◆ Task
Nothing but an exact copy is asked for: the lines in the material below from the one with "Glänzendes Gold Unschärfe" through the one with "Coloring book for", pictures excluded.

◆ Records provided
****************************************

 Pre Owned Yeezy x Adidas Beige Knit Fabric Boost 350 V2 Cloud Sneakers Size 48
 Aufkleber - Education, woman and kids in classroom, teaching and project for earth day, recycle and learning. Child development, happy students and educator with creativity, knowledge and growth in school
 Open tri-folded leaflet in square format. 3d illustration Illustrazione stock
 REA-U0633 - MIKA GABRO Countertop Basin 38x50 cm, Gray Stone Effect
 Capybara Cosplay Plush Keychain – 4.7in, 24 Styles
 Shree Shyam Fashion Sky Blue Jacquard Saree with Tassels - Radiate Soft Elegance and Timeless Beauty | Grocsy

****************************************

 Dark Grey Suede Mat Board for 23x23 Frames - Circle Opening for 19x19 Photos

****************************************

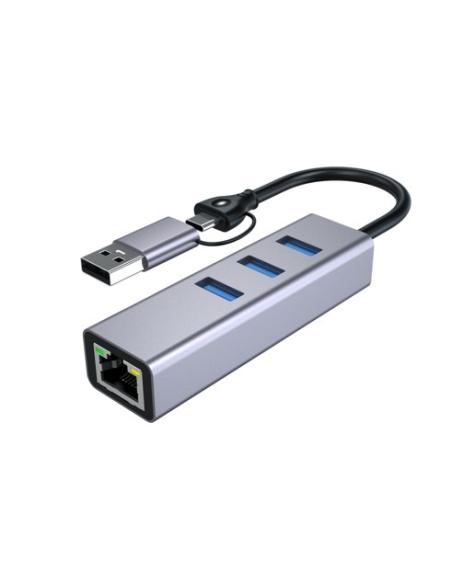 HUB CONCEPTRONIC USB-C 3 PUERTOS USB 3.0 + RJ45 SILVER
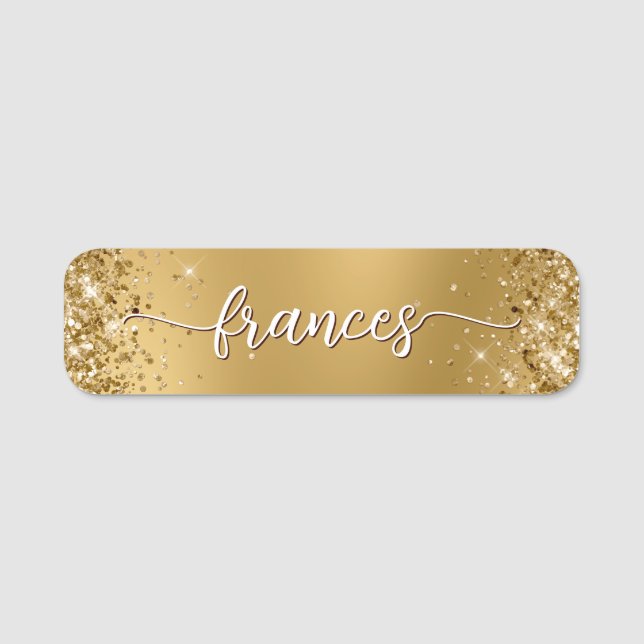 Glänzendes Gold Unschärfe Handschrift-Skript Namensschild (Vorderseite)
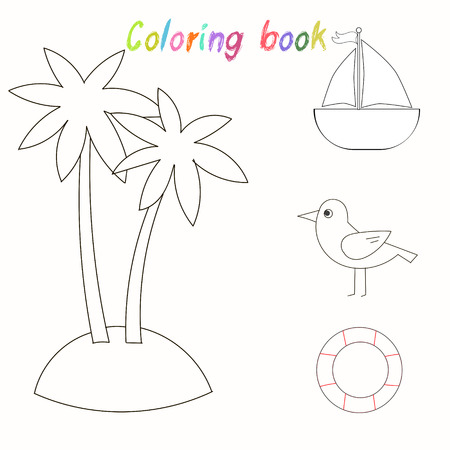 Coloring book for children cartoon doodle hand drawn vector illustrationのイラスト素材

****************************************

◆ Your solution
 Glänzendes Gold Unschärfe Handschrift-Skript Namensschild (Vorderseite)
 Coloring book for children cartoon doodle hand drawn vector illustrationのイラスト素材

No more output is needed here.